[Material for the task — start]
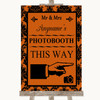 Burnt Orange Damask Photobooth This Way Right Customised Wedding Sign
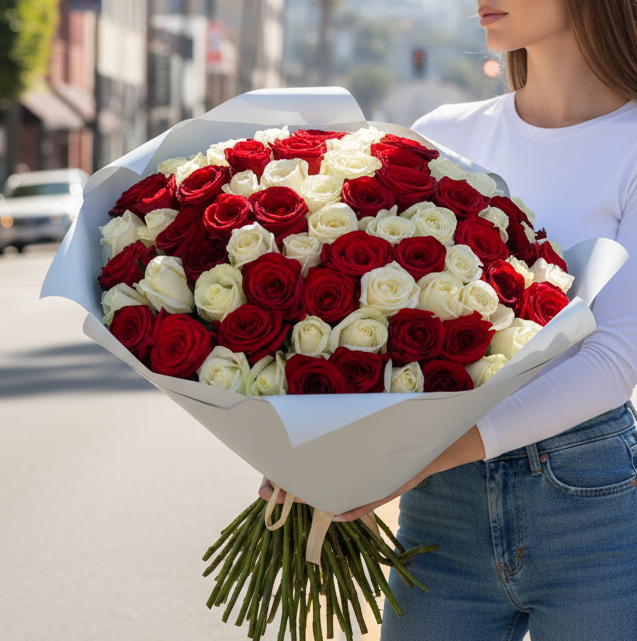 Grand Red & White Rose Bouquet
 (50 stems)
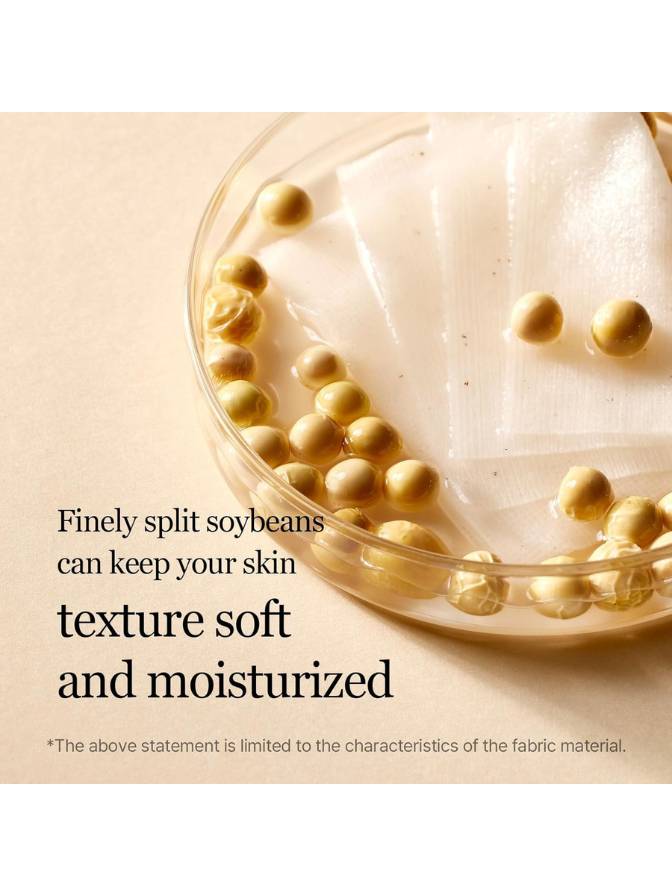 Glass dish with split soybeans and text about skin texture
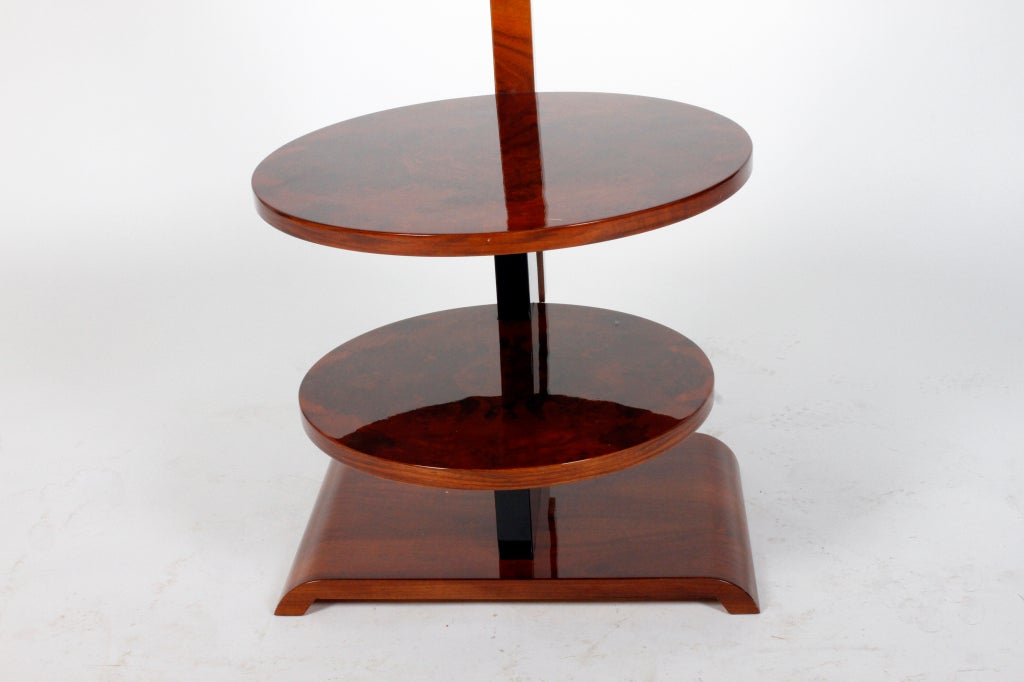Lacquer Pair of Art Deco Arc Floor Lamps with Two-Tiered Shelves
[Material for the task — finish]
### Your assignment
Extract precisely the lines beginning at the line containing "Grand Red & White Rose Bouquet" and ending at the last line of the entries above, exactly as written and with no pictures.

### Answer section
 Grand Red & White Rose Bouquet
 (50 stems)
 Glass dish with split soybeans and text about skin texture
Lacquer Pair of Art Deco Arc Floor Lamps with Two-Tiered Shelves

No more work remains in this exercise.